# YOUR ASSIGNMENT
Line by line, retype the whole listing exactly.

# DATASET CONTENT
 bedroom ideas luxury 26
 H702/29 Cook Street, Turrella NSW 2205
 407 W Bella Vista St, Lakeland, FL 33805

# RESPONSE TO THE TASK
 bedroom ideas luxury 26
 H702/29 Cook Street, Turrella NSW 2205
 407 W Bella Vista St, Lakeland, FL 33805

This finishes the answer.